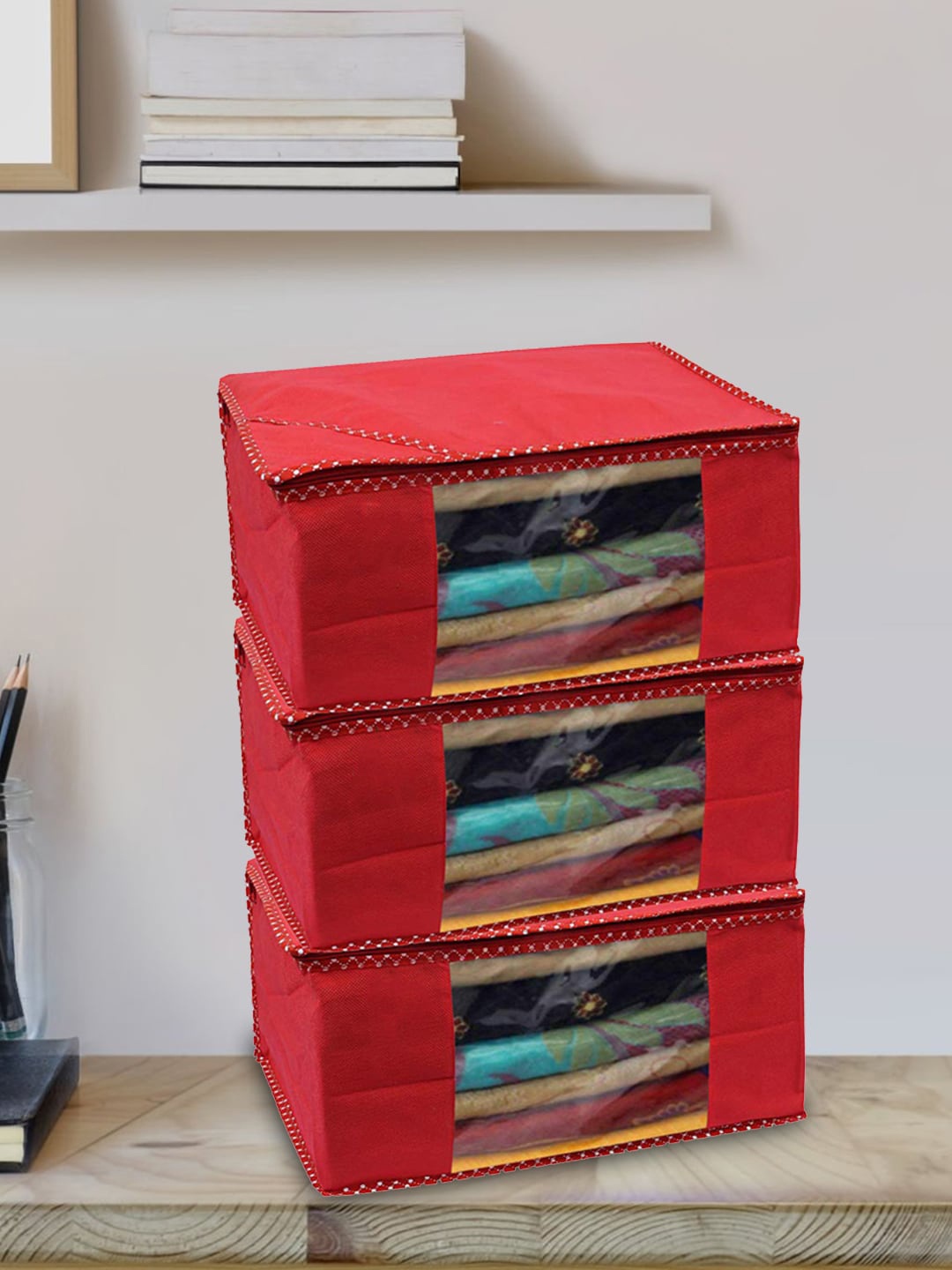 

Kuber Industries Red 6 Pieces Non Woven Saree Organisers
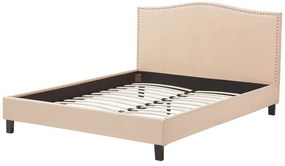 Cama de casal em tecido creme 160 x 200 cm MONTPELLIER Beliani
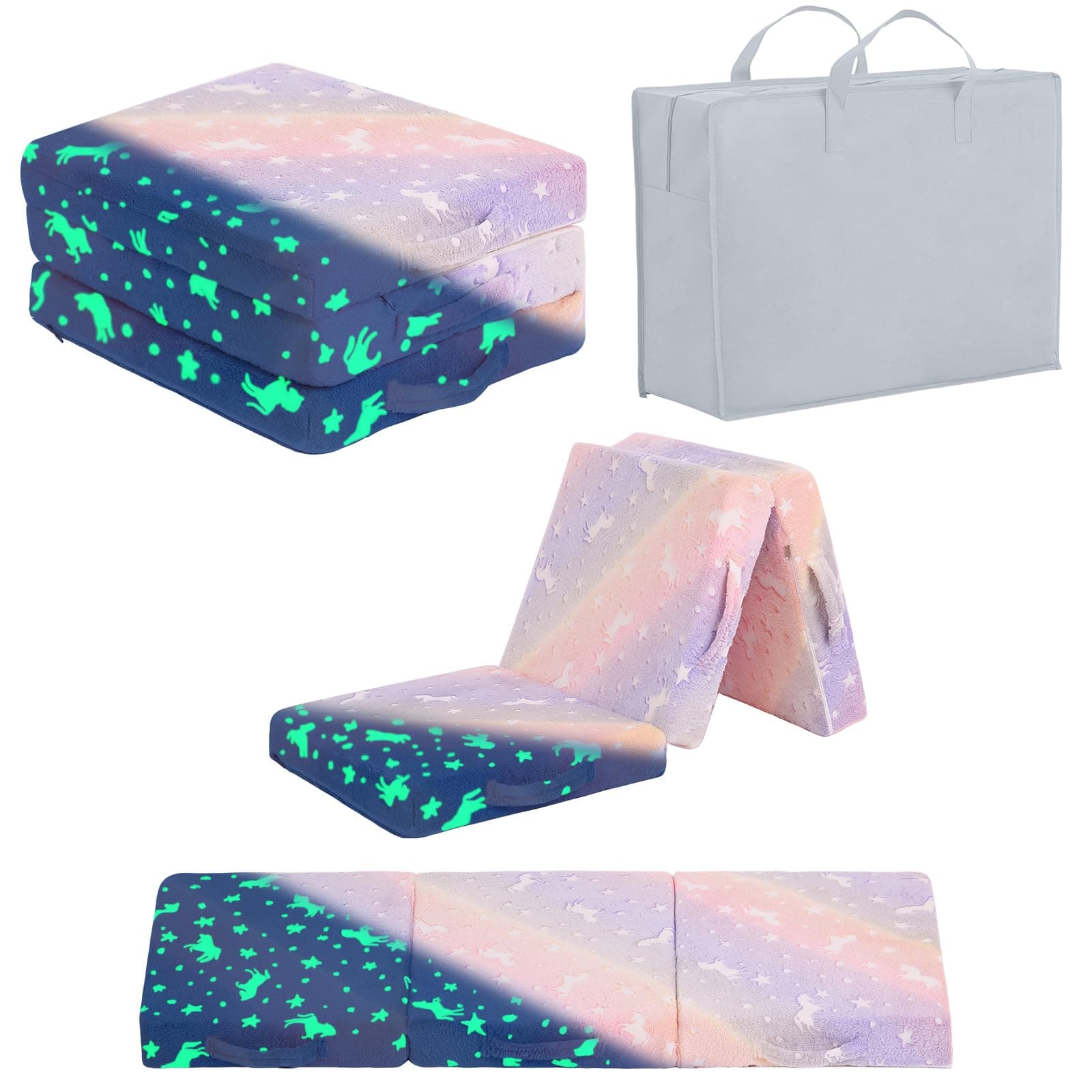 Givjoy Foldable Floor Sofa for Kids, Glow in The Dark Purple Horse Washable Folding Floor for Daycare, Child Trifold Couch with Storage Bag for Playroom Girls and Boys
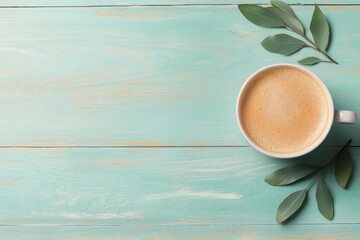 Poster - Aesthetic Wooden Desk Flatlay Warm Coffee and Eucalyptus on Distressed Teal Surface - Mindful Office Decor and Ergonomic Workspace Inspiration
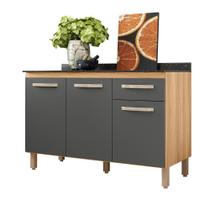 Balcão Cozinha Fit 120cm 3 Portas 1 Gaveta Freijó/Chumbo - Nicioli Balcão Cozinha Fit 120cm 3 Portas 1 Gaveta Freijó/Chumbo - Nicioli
---
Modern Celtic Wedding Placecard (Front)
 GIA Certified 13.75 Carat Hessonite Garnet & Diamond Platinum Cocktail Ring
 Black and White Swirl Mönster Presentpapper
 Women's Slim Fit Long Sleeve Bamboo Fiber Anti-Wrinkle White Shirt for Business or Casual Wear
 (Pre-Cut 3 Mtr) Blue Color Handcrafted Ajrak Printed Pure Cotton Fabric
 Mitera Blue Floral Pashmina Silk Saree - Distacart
...
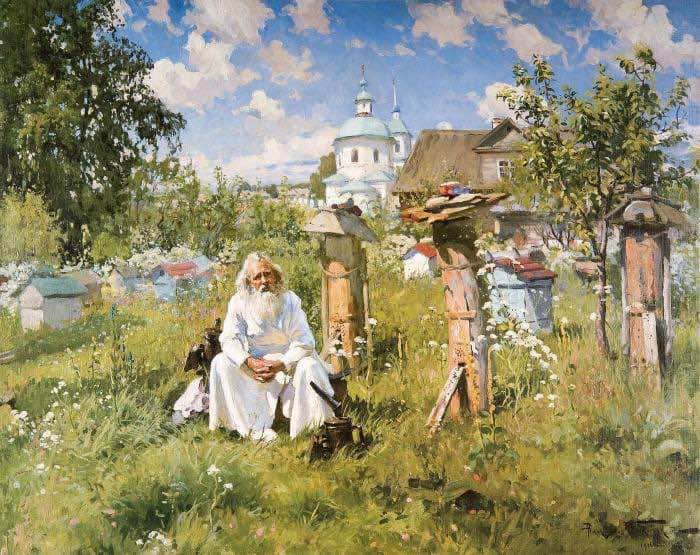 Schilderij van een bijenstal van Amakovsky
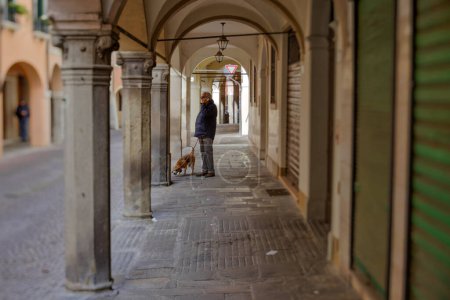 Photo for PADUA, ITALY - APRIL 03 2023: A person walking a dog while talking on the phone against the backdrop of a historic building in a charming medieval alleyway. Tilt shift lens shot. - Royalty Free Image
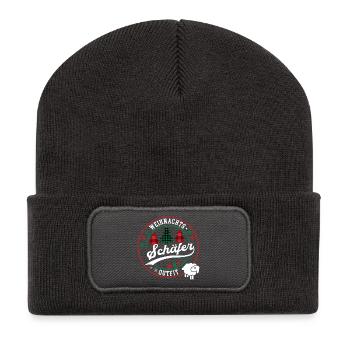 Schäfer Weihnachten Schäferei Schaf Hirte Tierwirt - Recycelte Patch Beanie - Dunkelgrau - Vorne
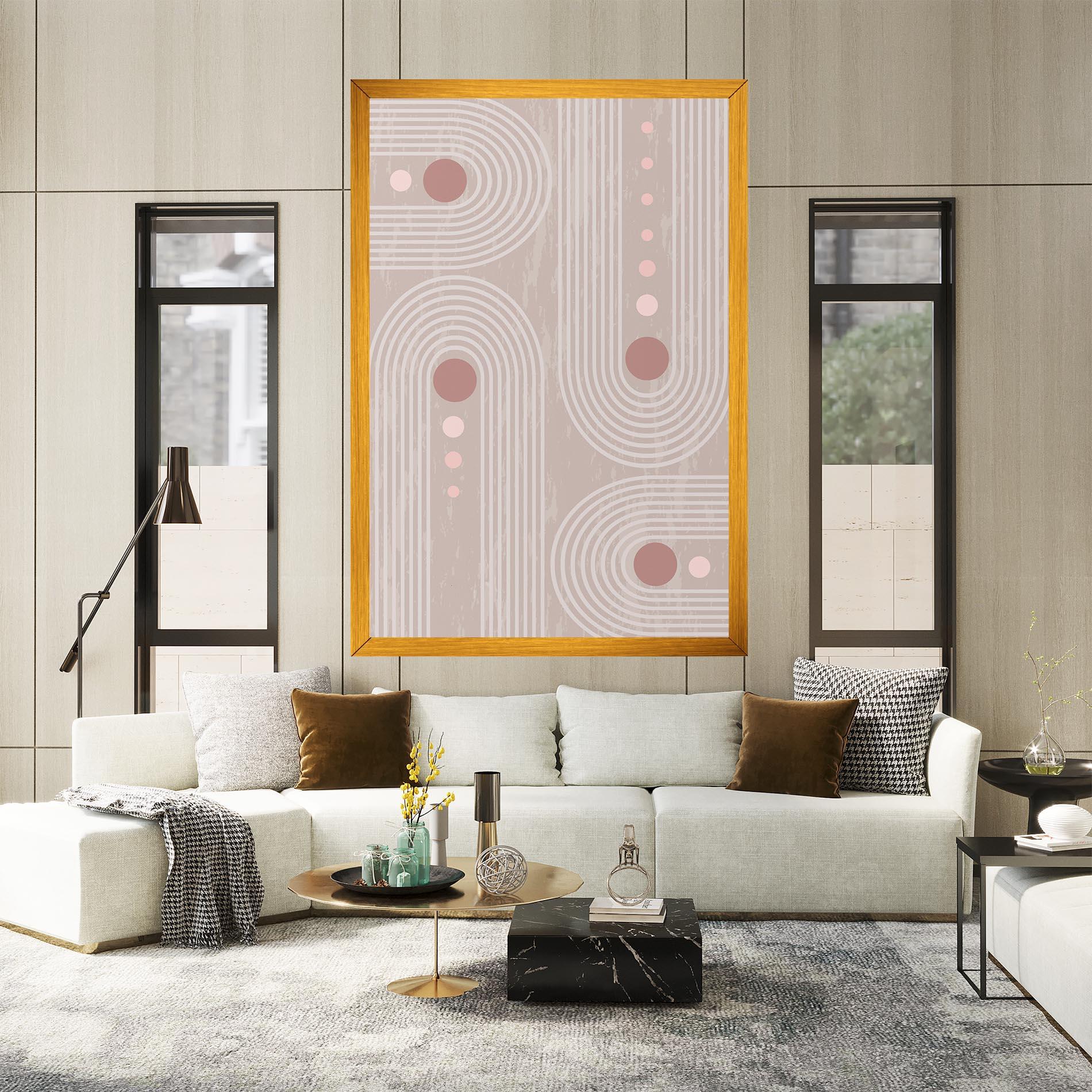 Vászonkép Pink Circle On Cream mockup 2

§ TASK PROMPT
Go back to the lines above and output, exactly as they stand, the ones from the line containing "Schäfer Weihnachten Schäferei" to the line containing "Vászonkép Pink Circle On Cream mockup 2". Leave all pictures behind.

§ RESULT FOR THIS EXERCISE
 Schäfer Weihnachten Schäferei Schaf Hirte Tierwirt - Recycelte Patch Beanie - Dunkelgrau - Vorne
 Vászonkép Pink Circle On Cream mockup 2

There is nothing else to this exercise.